Il n'est dès lors pas étonnant qu'Emmanuel Macron, son gouvernement et ses députés privilégient les intérêts de ceux qui peuvent contribuer au maintien en place de la majorité et au succès de ses projets.
C'est ce que l'on appelle la realpolitik.
Outre les citoyens peu mobilisés par la cause animale (au moins au niveau de l'action), l'atomisation du mouvement animaliste et plus largement de la protection animale n'aide aucunement à ce que la cause animale progresse et puisse constituer un réel contre-pouvoir face aux lobbys.
Des "agendas" différents, des egos à soigner, des adhérents à séduire, aucun leader qui puisse porter la cause au devant de la scène médiatique.
En fait ,et il faut le regretter,le mouvement animaliste vit très majoritairement en vase clos.

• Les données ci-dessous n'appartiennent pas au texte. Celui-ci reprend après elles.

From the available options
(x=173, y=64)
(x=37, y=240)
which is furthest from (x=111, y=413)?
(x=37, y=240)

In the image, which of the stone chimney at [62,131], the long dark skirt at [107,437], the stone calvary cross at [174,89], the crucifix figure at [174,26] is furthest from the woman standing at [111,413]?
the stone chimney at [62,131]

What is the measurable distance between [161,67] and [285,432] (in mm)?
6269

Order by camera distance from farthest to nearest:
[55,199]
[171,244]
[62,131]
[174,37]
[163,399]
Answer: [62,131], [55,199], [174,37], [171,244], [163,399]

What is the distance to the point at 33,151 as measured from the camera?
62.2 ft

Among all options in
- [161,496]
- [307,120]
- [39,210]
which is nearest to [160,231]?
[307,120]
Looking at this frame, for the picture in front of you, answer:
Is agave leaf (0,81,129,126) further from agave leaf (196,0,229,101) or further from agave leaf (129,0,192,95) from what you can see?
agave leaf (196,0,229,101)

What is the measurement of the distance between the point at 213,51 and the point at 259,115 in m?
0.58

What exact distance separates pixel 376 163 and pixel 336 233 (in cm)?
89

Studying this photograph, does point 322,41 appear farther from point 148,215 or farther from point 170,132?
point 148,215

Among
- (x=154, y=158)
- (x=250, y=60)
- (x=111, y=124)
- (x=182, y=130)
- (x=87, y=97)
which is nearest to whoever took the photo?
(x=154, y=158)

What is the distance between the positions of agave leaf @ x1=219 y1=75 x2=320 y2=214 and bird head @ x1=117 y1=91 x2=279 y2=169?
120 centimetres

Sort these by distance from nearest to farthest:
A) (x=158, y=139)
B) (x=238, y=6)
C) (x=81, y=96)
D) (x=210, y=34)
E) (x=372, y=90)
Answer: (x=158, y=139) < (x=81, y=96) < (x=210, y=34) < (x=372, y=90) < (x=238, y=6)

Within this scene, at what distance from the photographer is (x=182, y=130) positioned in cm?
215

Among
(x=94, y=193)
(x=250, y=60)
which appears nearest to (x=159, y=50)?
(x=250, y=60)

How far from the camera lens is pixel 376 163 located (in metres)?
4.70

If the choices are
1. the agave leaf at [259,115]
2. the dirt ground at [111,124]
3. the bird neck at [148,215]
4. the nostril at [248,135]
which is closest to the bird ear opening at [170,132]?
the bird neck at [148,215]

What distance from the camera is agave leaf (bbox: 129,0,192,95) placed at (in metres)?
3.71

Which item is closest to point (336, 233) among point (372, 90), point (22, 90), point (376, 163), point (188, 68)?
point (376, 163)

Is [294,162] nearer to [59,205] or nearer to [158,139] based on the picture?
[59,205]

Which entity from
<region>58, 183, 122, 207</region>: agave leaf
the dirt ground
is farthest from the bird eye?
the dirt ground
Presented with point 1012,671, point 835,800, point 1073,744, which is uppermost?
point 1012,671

On cultive un certain "entre-soi", on fréquente les mêmes soirées, les mêmes salons, conférences et colloques. Une sorte de communautarisme qui a des aspects "sympa"(dont les membres sont considérés largement- à tort certes- comme des bobos) mais dont les membres, malheureusement, n'ouvrent pas suffisamment leurs bras et leur esprit à un public plus large pour qu'ils les rejoignent dans la défense des intérêts des animaux. En somme, tu n'es pas végane ou pas au moins végétarien et tu n'es pas un ami des animaux...discours trop réducteur en fait.
Cela fait des années que je fréquente et que j'interviens dans des colloques et conférences que ce soit en France ou à l'étranger ; j'y rencontre souvent les mêmes personnes tant du côté des intervenants que des participants. C'est dommage et cela montre à quel point ce cercle est petit et relativement fermé. Peu ou trop peu de nouvelle "têtes".

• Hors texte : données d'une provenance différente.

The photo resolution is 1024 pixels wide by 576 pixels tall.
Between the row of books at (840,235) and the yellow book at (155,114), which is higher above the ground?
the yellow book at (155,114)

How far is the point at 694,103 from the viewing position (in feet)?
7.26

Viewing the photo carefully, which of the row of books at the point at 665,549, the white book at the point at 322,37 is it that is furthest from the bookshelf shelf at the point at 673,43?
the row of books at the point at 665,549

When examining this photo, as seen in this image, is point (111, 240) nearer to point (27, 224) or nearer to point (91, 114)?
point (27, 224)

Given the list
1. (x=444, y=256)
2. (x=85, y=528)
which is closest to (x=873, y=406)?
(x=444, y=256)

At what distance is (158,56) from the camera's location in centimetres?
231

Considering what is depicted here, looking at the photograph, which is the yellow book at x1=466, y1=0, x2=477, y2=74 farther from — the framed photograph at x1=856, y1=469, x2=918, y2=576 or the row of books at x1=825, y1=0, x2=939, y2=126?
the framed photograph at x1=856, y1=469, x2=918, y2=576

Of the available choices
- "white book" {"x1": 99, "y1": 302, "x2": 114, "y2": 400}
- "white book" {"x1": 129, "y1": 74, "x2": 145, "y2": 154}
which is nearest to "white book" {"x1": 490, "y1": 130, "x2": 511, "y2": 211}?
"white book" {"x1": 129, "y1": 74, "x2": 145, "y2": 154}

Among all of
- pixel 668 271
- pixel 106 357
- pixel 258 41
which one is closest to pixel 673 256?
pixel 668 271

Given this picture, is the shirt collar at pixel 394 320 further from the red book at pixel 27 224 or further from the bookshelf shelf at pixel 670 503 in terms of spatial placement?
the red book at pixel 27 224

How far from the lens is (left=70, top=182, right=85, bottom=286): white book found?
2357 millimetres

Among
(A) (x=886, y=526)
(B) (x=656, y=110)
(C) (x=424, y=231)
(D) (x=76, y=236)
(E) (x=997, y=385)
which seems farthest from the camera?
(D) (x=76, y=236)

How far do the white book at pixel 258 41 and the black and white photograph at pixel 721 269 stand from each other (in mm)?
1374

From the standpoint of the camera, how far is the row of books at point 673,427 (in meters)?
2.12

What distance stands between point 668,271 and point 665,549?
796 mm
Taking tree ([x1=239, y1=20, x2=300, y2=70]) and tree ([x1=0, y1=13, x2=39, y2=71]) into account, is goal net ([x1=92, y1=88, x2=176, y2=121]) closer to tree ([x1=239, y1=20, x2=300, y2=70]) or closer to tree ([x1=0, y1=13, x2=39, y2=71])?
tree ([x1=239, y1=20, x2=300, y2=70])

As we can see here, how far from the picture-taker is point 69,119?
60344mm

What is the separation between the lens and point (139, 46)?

Le mouvement ne parviens pas à attirer un nombre significatif de nouveaux sympathisants et encore moins une part importante de la population. C'est un constat.
Il y a davantage (au moins deux fois plus; 2 millions contre 1 million) de végétariens et véganes que de chasseurs… et pourtant, qui est plus efficace et pourquoi ? d'un côté ,unité des chasseurs, poids économique plus facile à déterminer et ils ont l'oreille des politiques car ils représentent un poids électoral très courtisé.

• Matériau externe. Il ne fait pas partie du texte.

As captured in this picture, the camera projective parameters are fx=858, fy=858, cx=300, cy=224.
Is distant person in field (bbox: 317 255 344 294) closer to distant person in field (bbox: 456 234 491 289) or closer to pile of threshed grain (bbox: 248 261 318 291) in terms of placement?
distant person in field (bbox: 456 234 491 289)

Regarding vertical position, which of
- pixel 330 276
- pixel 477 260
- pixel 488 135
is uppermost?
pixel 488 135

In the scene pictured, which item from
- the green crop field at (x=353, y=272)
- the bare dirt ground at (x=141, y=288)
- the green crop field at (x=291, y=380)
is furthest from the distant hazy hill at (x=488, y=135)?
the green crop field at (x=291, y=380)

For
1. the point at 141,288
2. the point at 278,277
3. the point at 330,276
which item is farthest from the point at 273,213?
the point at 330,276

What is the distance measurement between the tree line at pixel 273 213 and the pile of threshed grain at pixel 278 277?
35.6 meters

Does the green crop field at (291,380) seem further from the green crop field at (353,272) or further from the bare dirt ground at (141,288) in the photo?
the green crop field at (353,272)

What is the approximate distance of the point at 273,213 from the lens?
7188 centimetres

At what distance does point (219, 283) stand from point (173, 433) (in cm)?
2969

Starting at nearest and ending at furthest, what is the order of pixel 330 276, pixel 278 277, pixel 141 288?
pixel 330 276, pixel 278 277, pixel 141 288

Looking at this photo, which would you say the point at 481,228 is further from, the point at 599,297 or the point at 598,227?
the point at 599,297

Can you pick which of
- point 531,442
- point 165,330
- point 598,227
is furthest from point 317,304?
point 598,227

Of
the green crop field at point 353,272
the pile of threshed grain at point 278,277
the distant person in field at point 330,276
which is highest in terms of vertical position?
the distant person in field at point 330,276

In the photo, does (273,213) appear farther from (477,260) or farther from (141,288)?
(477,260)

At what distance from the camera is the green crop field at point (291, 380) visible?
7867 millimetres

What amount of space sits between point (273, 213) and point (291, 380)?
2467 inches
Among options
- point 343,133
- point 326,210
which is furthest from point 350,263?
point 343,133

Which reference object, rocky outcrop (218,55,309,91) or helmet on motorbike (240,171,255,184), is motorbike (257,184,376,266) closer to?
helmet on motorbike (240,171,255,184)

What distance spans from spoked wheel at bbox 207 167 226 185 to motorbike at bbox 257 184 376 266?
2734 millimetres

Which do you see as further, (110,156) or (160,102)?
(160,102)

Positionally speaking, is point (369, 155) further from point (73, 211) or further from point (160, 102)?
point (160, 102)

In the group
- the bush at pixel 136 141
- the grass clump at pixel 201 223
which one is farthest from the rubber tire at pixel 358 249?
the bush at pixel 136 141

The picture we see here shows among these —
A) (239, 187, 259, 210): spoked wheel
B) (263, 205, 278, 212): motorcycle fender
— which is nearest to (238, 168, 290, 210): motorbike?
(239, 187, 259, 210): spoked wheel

De l'autre côté, des amis des animaux trop disséminés, sans leader, sans programme clair et partagé, bref rien qui puisse constituer un contre-pouvoir face aux lobbys et jouer un rôle significatif lors des élections.
Bien sûr, nous avons vu l'émergence du parti animaliste (qui a fait un "bon" score lors des dernières élections législatives), la publication de dizaines d'ouvrages sur les animaux et des ouvrages de droit animalier (3 en deux ans !) et surtout le très remarqué code de l'animal du Prof. Marguénaud en mars dernier. Bien sûr L214 a fait un travail formidable en révélant des vidéos choquantes sur les traitements inacceptables des animaux dans certains abattoirs qui ont ébranlé les citoyens et fragilisé la filière.
Bien sûr 269Libération animale a lancé des actions très médiatisées de résistance citoyenne pacifique au sein des abattoirs au prix de plusieurs procédures pénales qui exposent ses leaders à des condamnations privatives de liberté dans la quasi-indifférence.
Toutes ces actions sont encourageantes mais insuffisantes pour gagner à la cause une part significative des citoyens et ainsi inverser le cours de la politique mise en œuvre.
La cause animale ne parviendra à ses fins que si elle est en capacité d'élargir la portée de ses actions, à séduire une part significative de la population en s'unifiant, en parlant d'une seule et forte voix , en ayant un véritable leader, en adoptant une stratégie efficace, en ayant un vrai projet réaliste et en lançant des actions de terrain notamment au plan éducatif.
Ce billet ne se veut pas pessimiste mais réaliste. Il ne doit pas démoraliser mais au contraire remobiliser les acteurs de ce combat pour un avenir meilleur pour nos cousins à poil, à plume, à écailles.